__Exercise aim__
An exact copy is required of every line from the one with "Rasimpaşa Akademi Eğitime Başladı" through the end of the data below, and the pictures must stay out of it.

Content starts

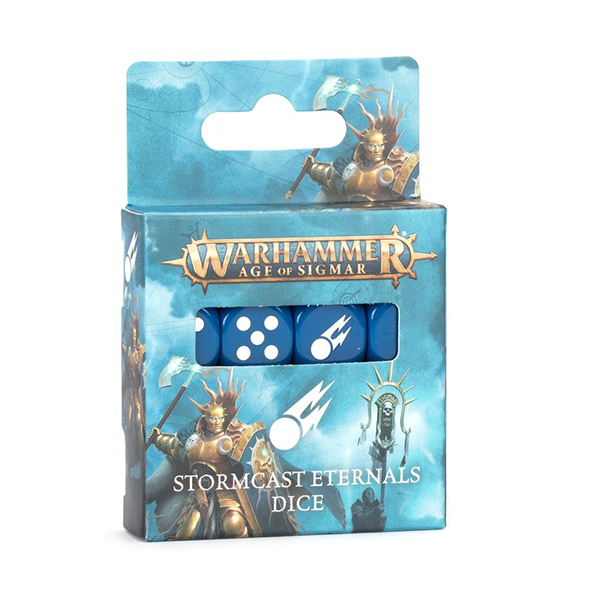 Warhammer Age of Sigmar Stormcast Eternals Dice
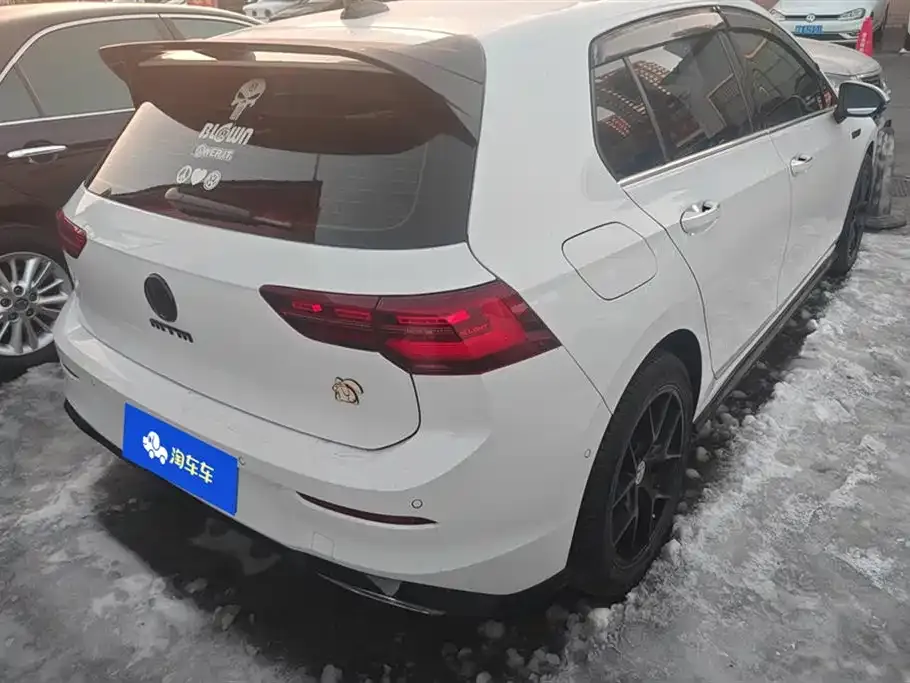 Volkswagen Golf 2021 из CN, фото 3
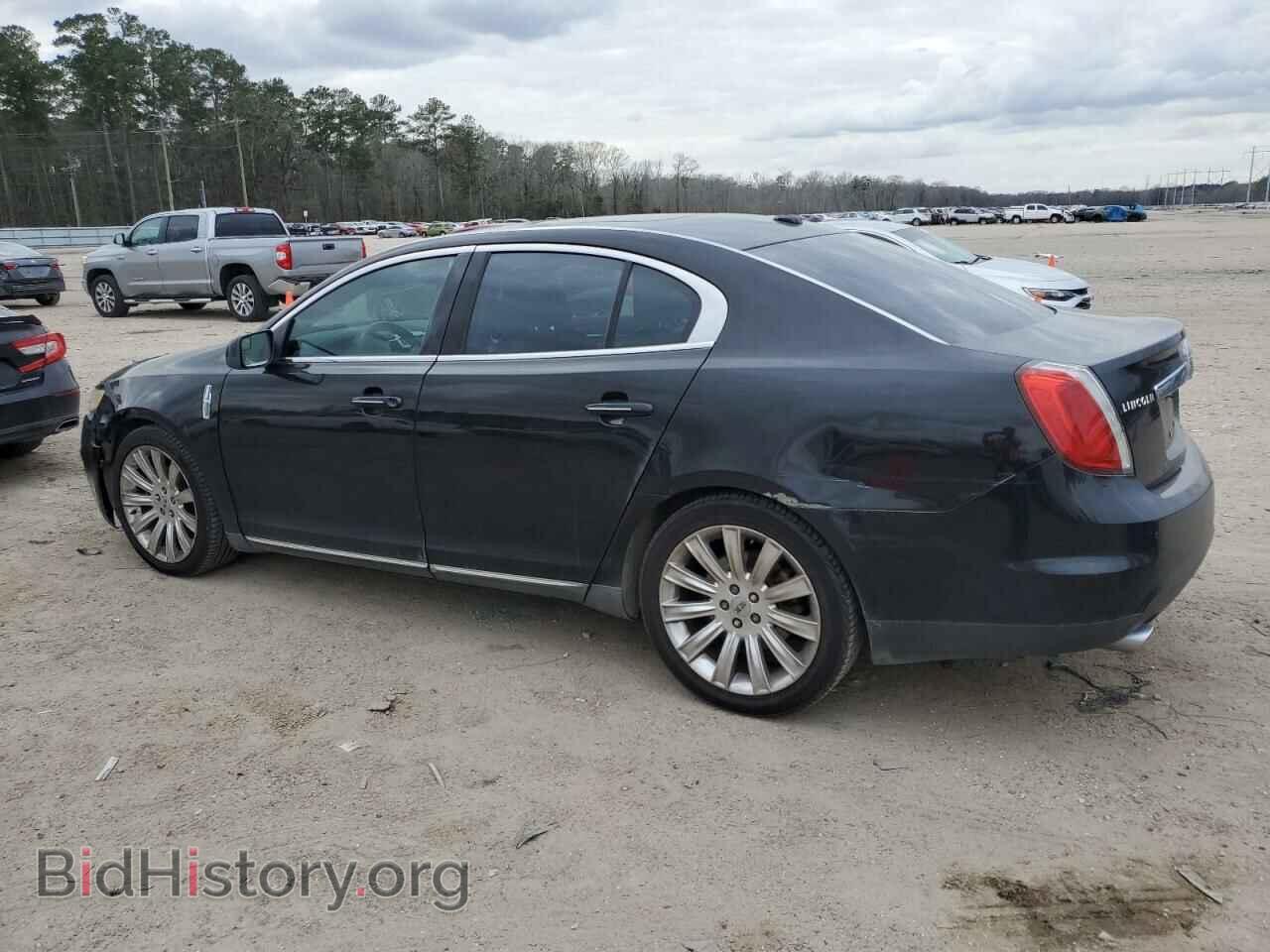 2010 LINCOLN MKS - VIN: 1LNHL9DR3AG614875 - Фото 2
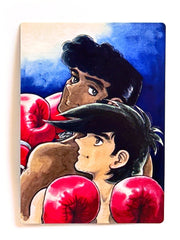 Ashita no Joe × TOWA Joe 50th Anniversary Card – Official Japan Promo by TCGDON on MYNTED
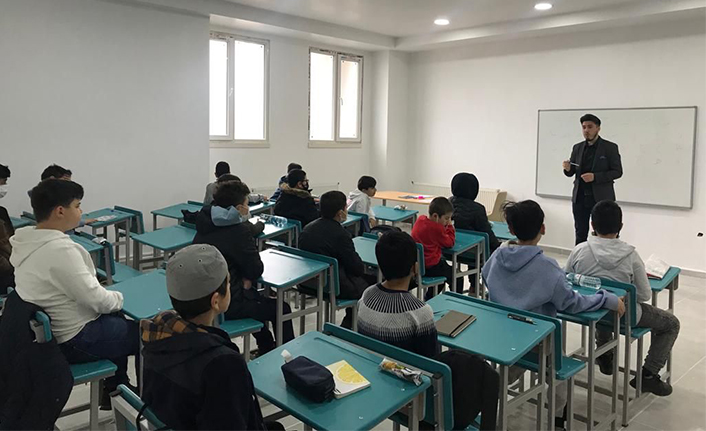 Rasimpaşa Akademi Eğitime Başladı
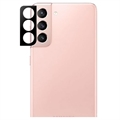 Samsung Galaxy S21 5G Ochranné Tvrdené Sklo na Objektív Fotoaparátu - Čierna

Content ends

__Response for this exercise__
 Rasimpaşa Akademi Eğitime Başladı
 Samsung Galaxy S21 5G Ochranné Tvrdené Sklo na Objektív Fotoaparátu - Čierna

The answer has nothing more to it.